▶ [WHAT YOU ARE ASKED TO DO] Should the entries contain pictures, leave them out and return exactly the lines from the first through the line holding "Rock-climbing in Turkey.".

▶ [SUPPLIED RECORDS]
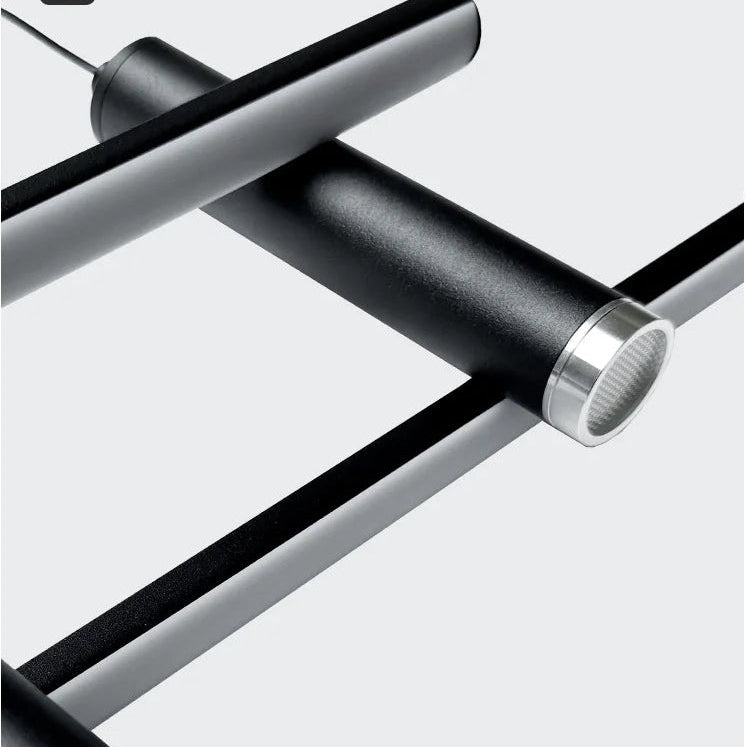 Modern linear pendant light fixture with a matte black cylindrical shade and a polished silver metal end cap, shown in a close-up angled view against a light grey background.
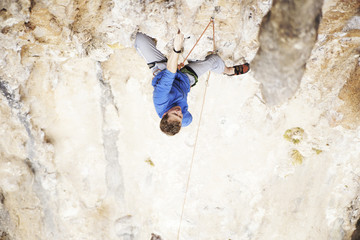 Rock-climbing in Turkey. The climber climbs on the route. Photo from the top.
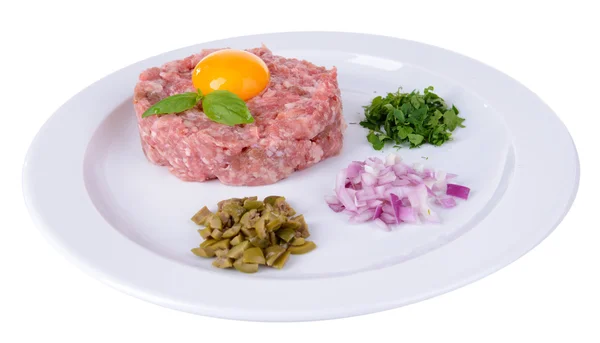 Delicious steak tartare with yolk on plate isolated on white — Stock Photo, Image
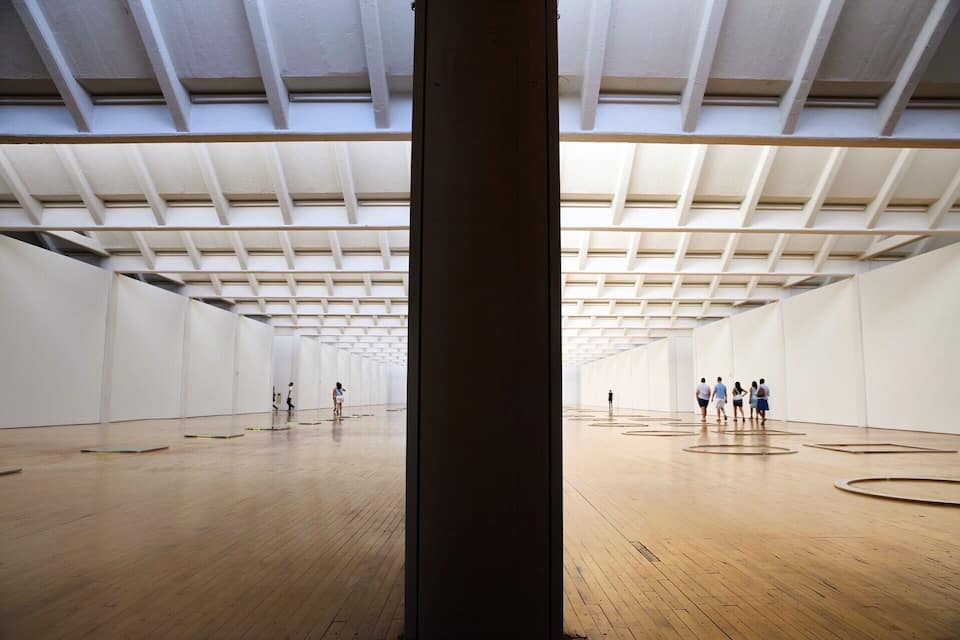 An interior space with a high ceiling, wooden floor, and white walls.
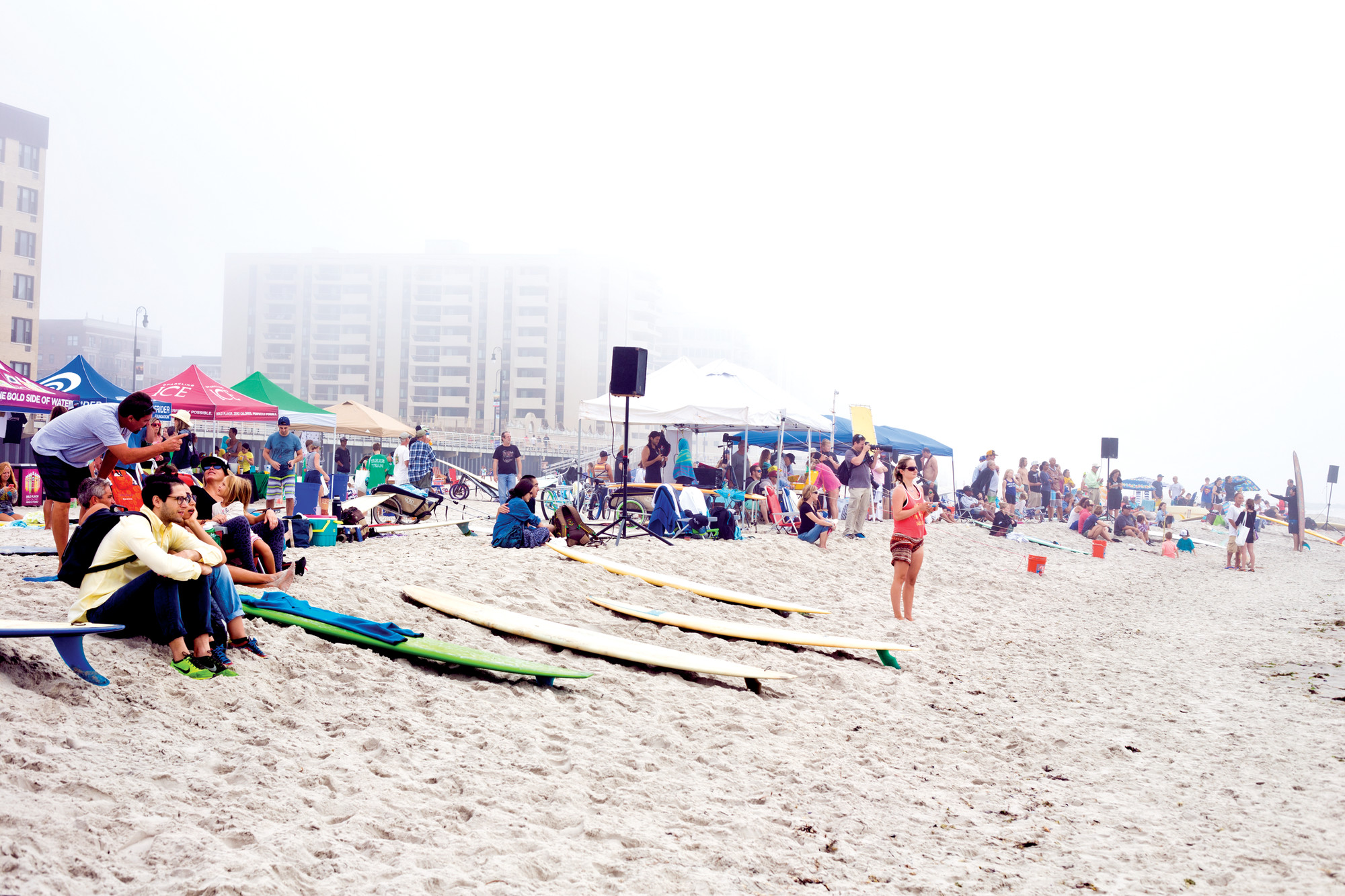 Eric Dunetz/HeraldThe crowd gathered at Long Beach Boulevard beach to watch longboarders compete last Saturday.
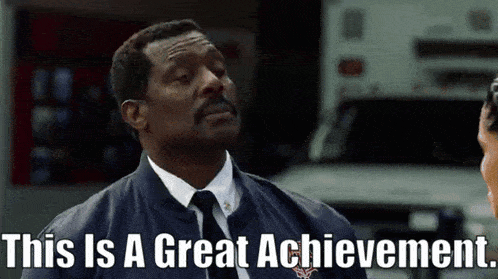 a man in a suit and tie with the words this is a great achievement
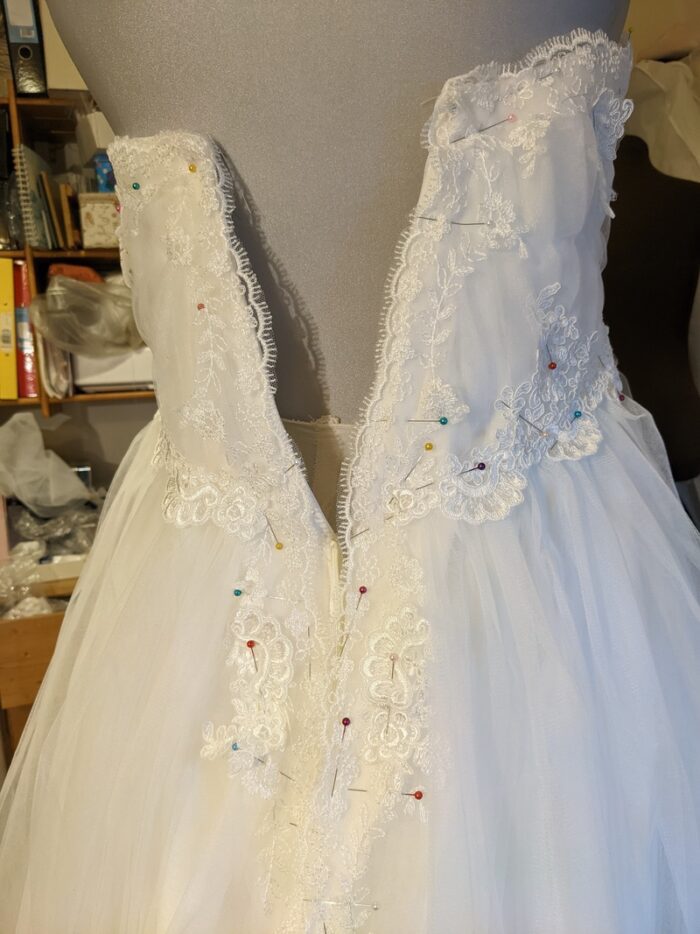 pinned lace on bodice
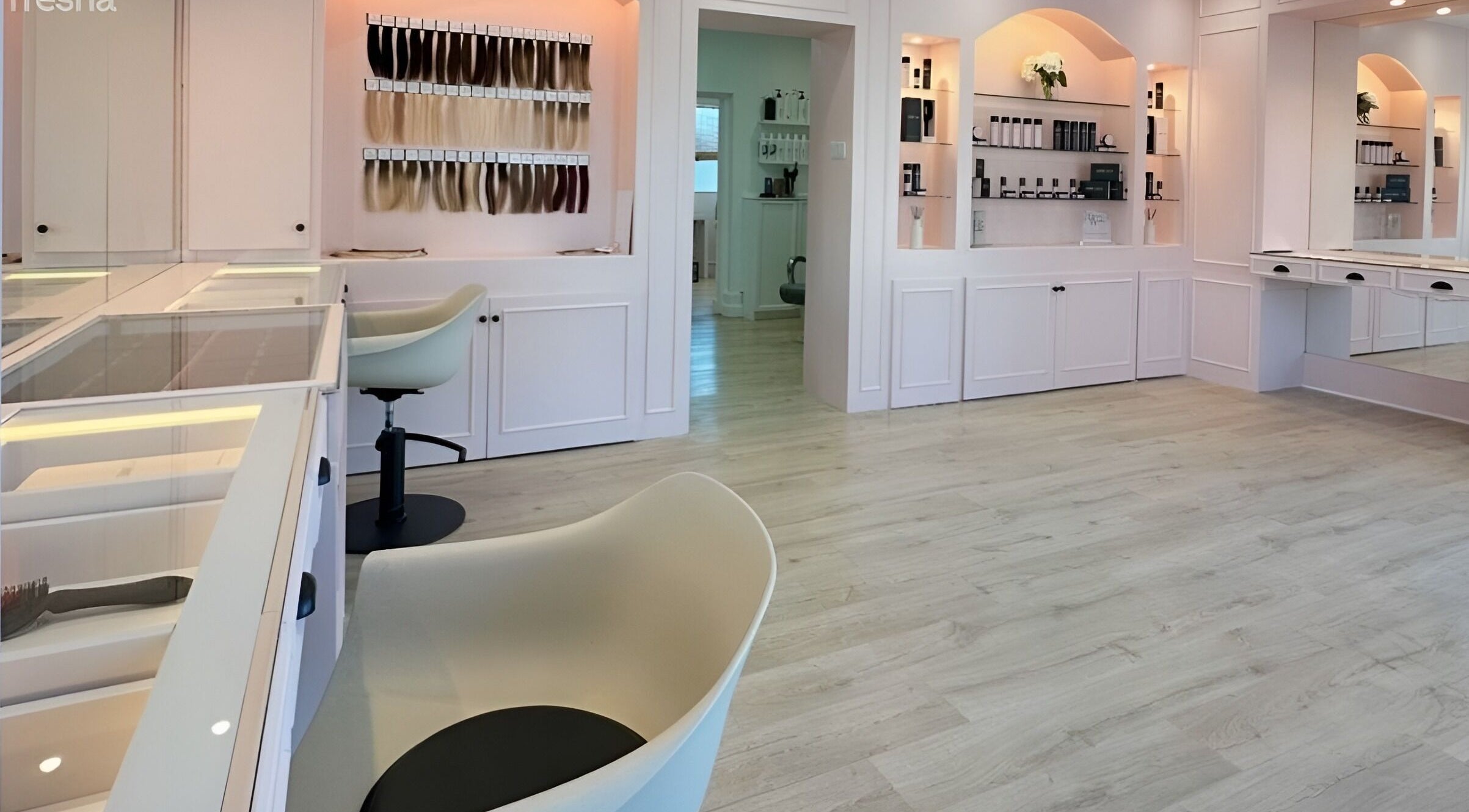 Modern salon interior at Dreamhair Extensions LTD, Shrewsbury, England, GB, showcasing sleek design and hair displays.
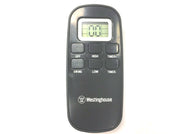 Black Westinghouse remote control with digital display on a white background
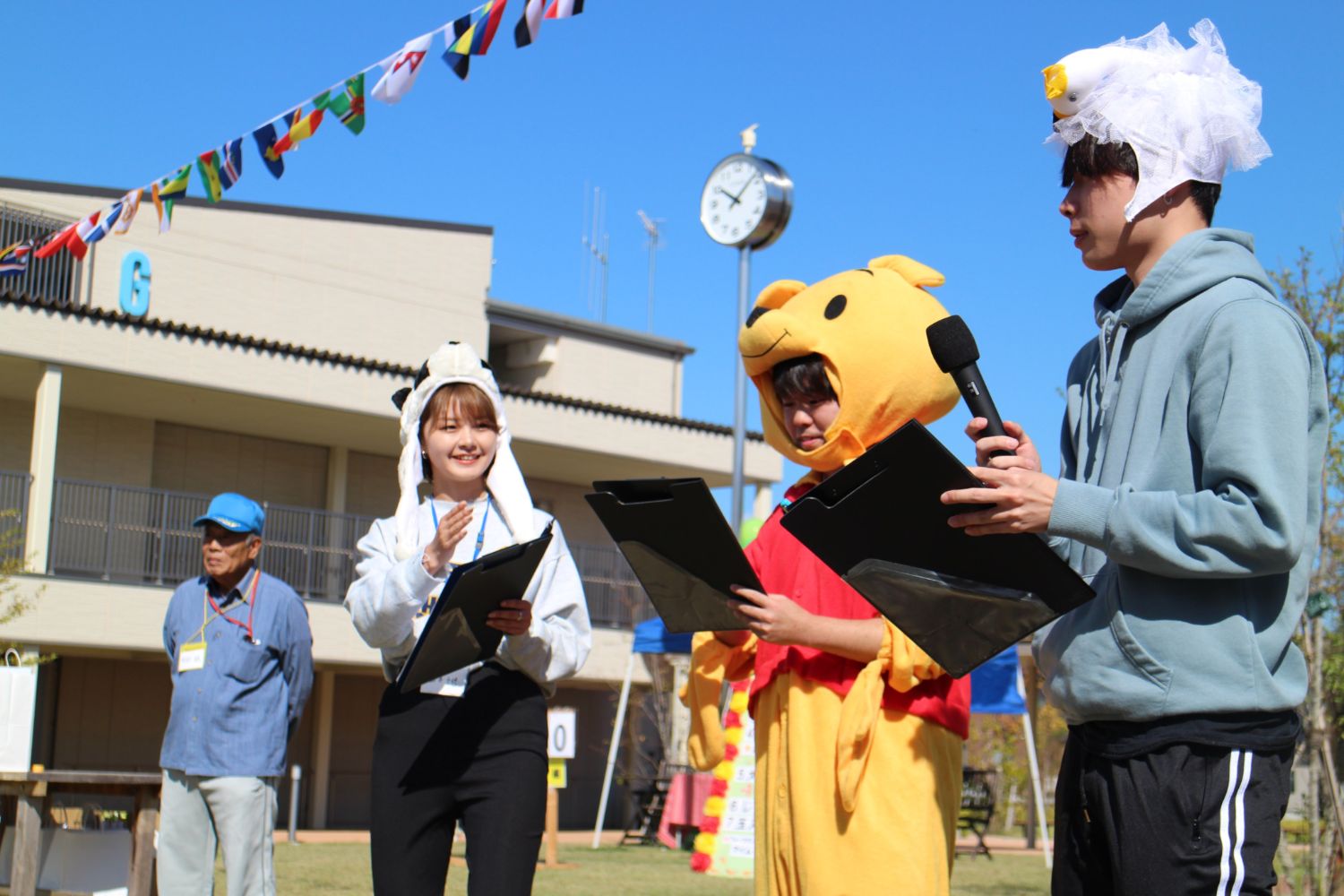 青空の下、動物の着ぐるみや帽子をかぶっている3人がマイクを持ち、司会進行する様子の写真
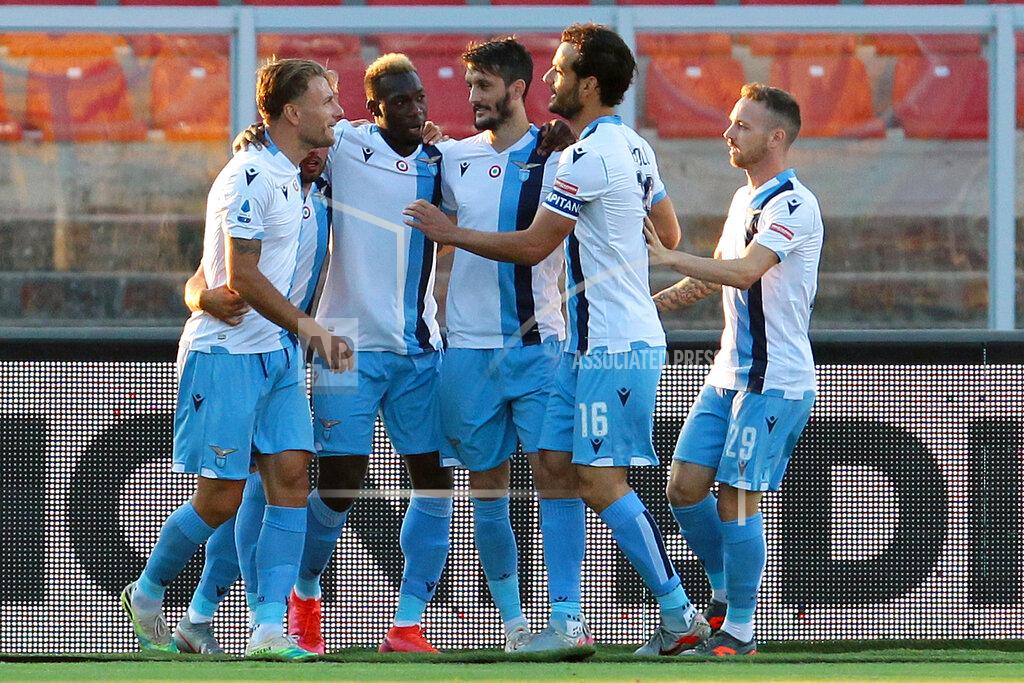 Donato Fasano Lazio's Caicedo, 3rd from left, celebrates with teammates after scoring his side's opening goal during the Serie A soccer match between Lecce and Lazio at the Stadio del Mare in Lecce, Italy, Tuesday, July 7, 2020. (Donato Fasano/LaPresse via AP)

▶ [YOUR SOLUTION]
 Modern linear pendant light fixture with a matte black cylindrical shade and a polished silver metal end cap, shown in a close-up angled view against a light grey background.
 Rock-climbing in Turkey. The climber climbs on the route. Photo from the top.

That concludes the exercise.